INPUT:
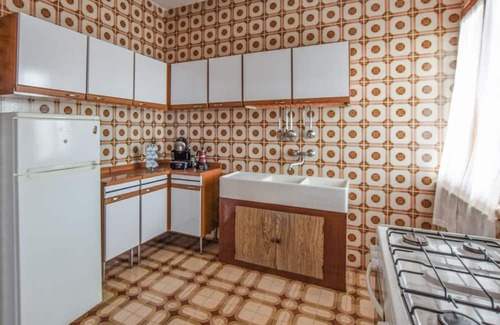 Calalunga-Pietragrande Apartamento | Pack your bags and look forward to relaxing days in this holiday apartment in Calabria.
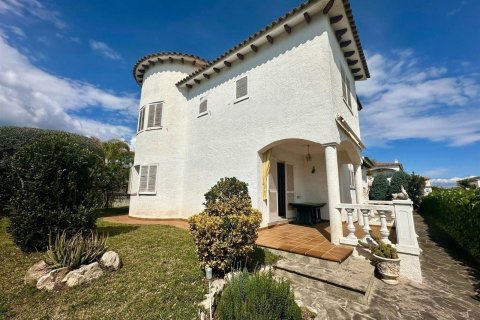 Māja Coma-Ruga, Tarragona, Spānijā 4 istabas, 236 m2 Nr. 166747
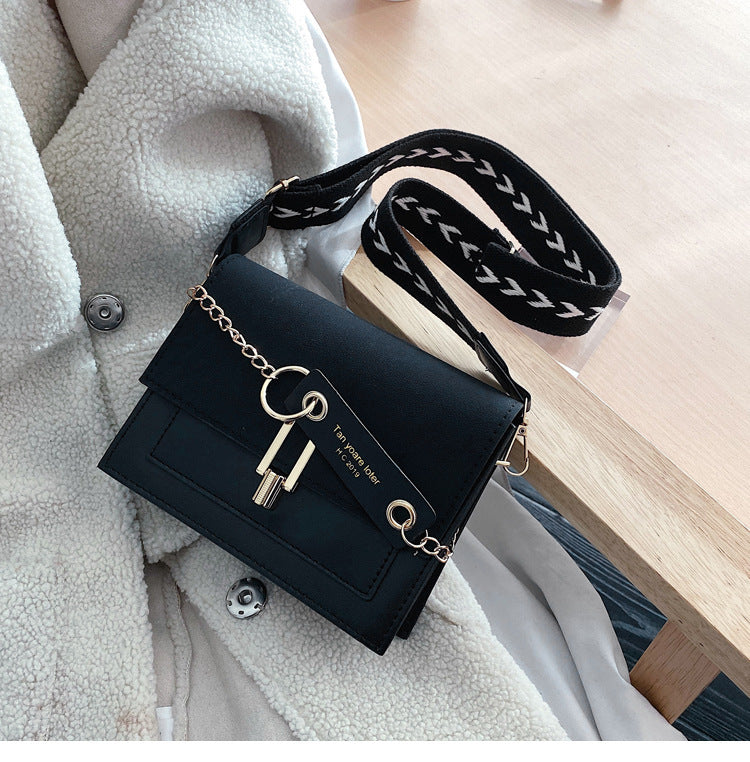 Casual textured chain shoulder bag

* * *

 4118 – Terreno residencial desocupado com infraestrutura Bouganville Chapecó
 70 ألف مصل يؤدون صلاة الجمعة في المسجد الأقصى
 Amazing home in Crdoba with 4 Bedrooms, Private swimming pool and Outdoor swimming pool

...

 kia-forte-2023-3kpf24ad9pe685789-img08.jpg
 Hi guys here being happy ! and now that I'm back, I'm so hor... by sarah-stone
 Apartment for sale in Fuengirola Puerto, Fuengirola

WHAT TO DO: Each line in the entries above, starting at the line with "70 ألف مصل يؤدون" and ending at the line with "Amazing home in", is to be printed exactly, and only those lines.

THE COMPLETED TASK:
 70 ألف مصل يؤدون صلاة الجمعة في المسجد الأقصى
 Amazing home in Crdoba with 4 Bedrooms, Private swimming pool and Outdoor swimming pool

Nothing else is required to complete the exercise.